### How to complete this task
In the entries below, find the line containing "Bernardo Silva y" and the line containing "Peut inclure: Un". Copy those two lines and everything between them exactly, without the pictures.

### Data for review
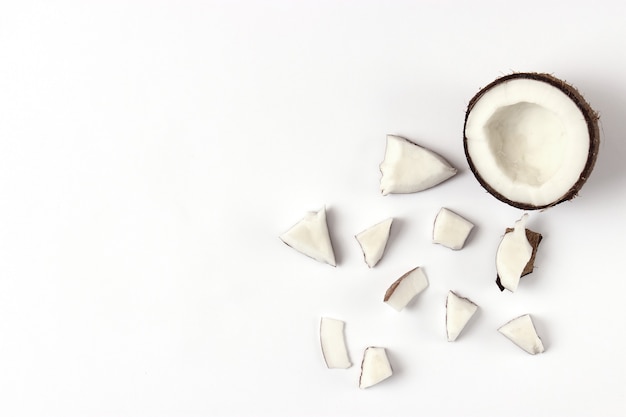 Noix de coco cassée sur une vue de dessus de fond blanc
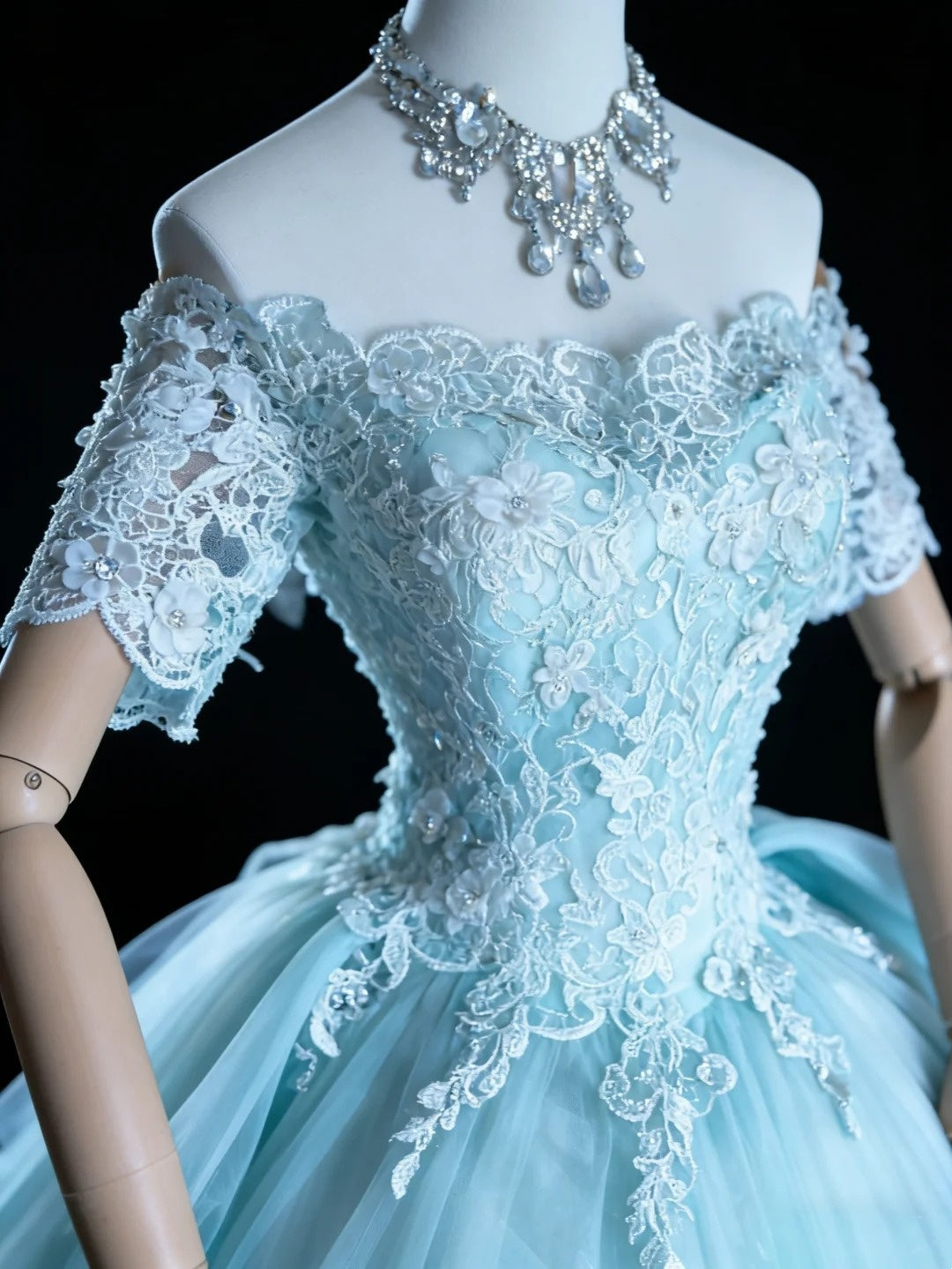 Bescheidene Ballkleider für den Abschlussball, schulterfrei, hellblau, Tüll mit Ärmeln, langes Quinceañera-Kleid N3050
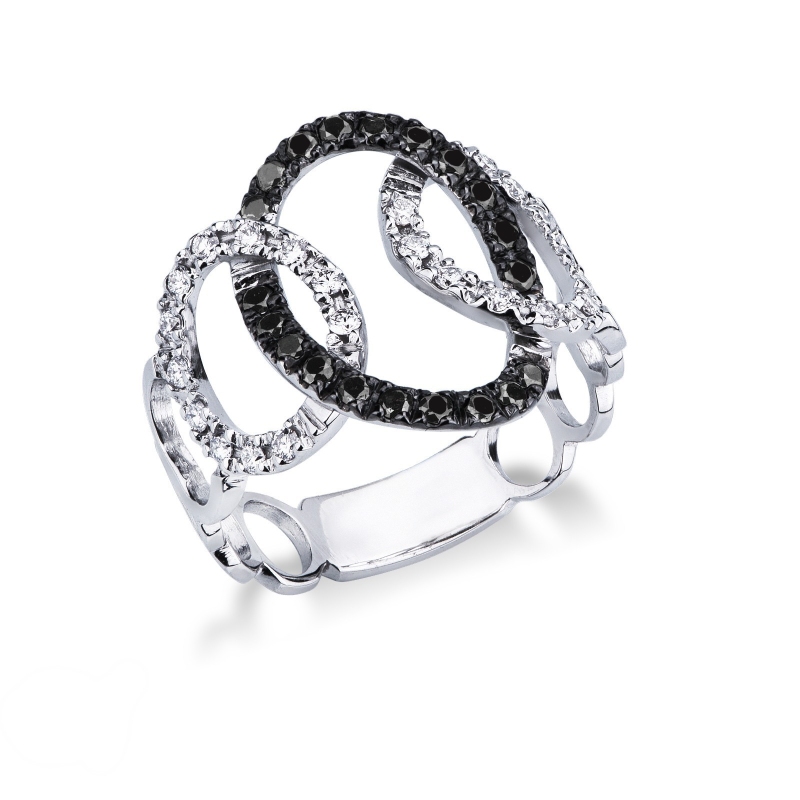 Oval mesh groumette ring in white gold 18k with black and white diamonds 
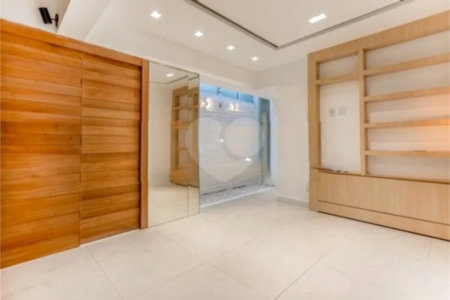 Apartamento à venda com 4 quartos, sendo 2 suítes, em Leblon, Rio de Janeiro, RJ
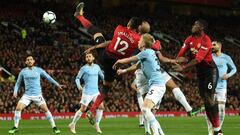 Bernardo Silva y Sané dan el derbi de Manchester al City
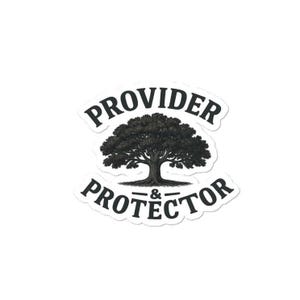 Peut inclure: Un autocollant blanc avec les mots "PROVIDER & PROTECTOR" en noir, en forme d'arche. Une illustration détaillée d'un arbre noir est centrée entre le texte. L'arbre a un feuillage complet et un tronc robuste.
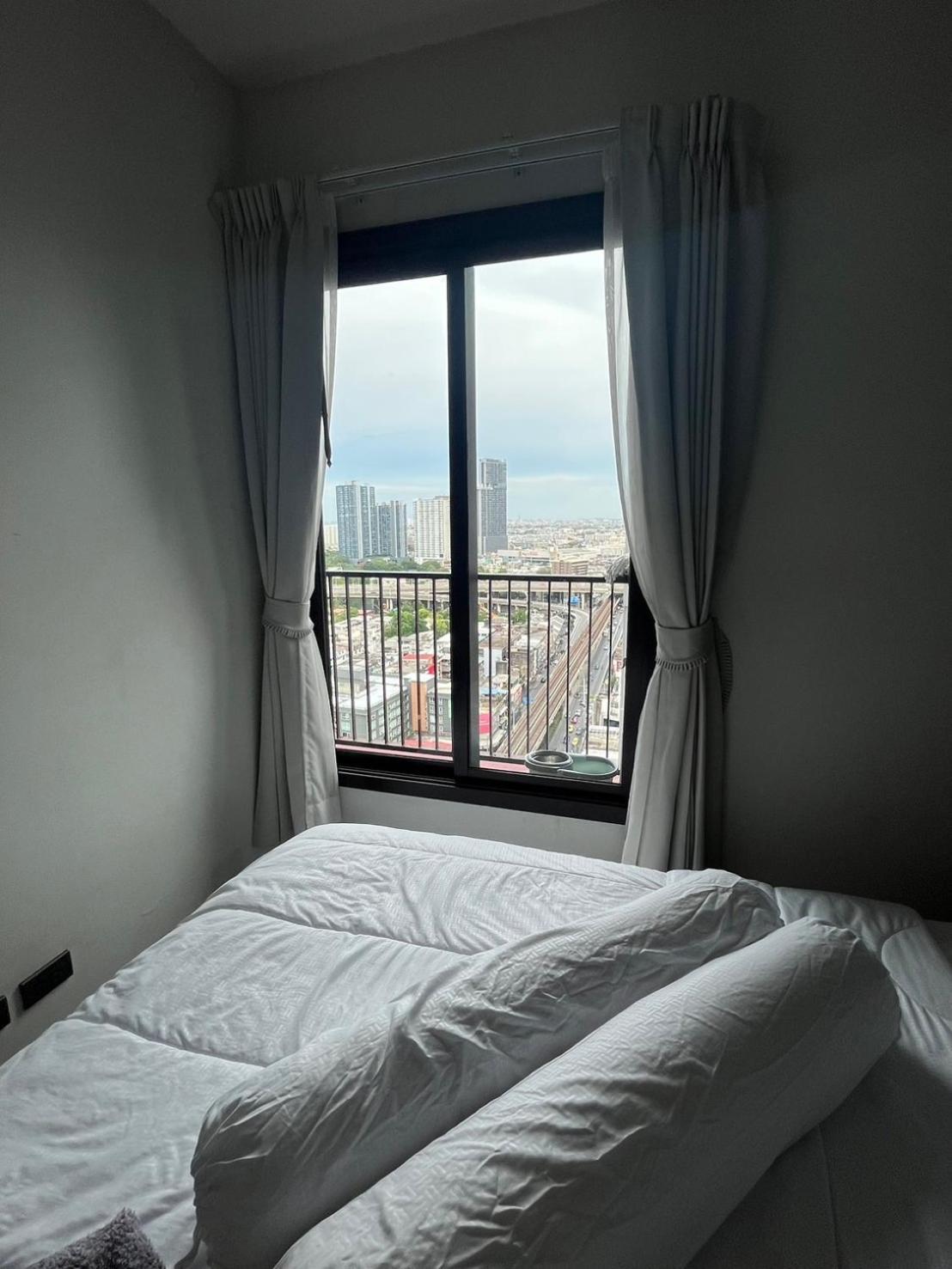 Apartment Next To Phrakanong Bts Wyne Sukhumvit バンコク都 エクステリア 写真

* * *

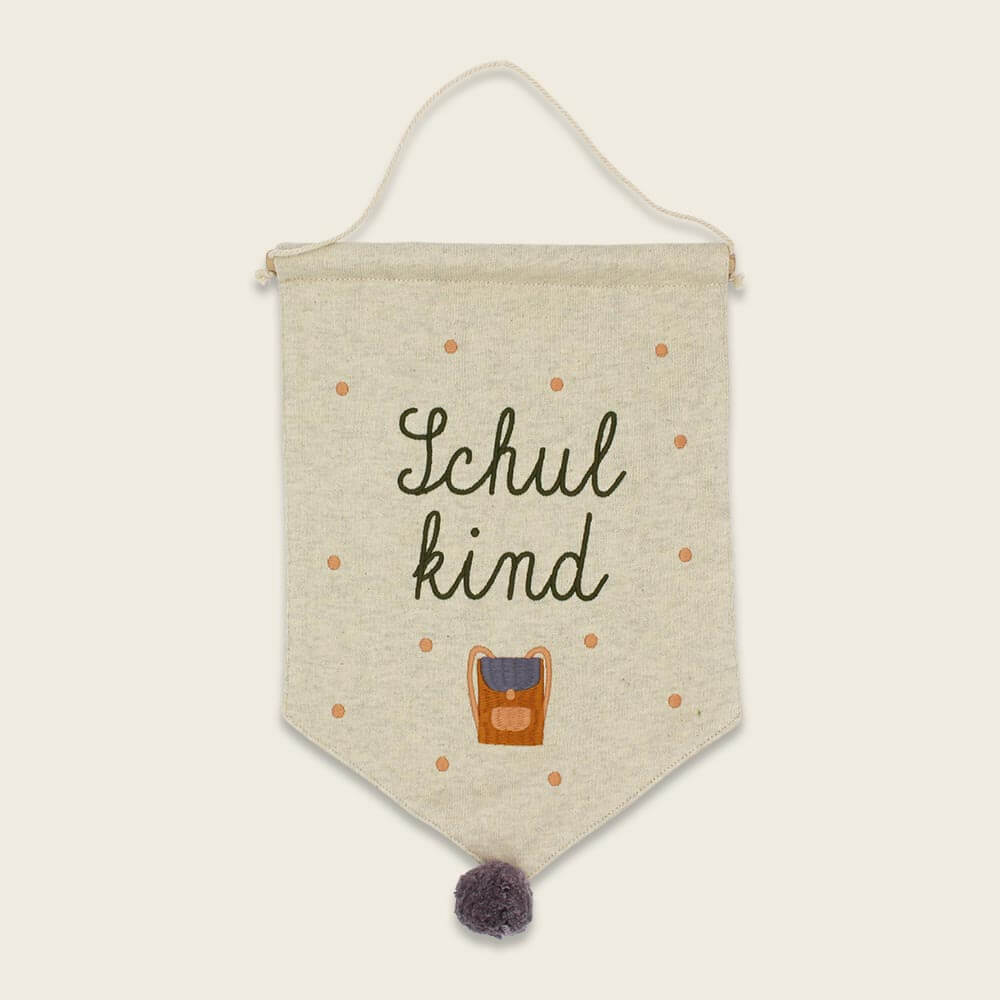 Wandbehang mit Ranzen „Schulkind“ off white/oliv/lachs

### Finished task
 Bernardo Silva y Sané dan el derbi de Manchester al City
 Peut inclure: Un autocollant blanc avec les mots "PROVIDER & PROTECTOR" en noir, en forme d'arche. Une illustration détaillée d'un arbre noir est centrée entre le texte. L'arbre a un feuillage complet et un tronc robuste.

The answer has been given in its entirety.